> **Exercise**:
Reproduce all of the data exactly, with no line skipped.

Saved data entries:
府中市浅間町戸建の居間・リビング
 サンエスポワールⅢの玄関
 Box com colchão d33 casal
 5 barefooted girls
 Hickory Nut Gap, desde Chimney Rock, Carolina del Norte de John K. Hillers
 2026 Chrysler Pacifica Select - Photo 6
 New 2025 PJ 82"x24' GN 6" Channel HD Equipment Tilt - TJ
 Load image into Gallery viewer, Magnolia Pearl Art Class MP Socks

> **Answer section**:
府中市浅間町戸建の居間・リビング
 サンエスポワールⅢの玄関
 Box com colchão d33 casal
 5 barefooted girls
 Hickory Nut Gap, desde Chimney Rock, Carolina del Norte de John K. Hillers
 2026 Chrysler Pacifica Select - Photo 6
 New 2025 PJ 82"x24' GN 6" Channel HD Equipment Tilt - TJ
 Load image into Gallery viewer, Magnolia Pearl Art Class MP Socks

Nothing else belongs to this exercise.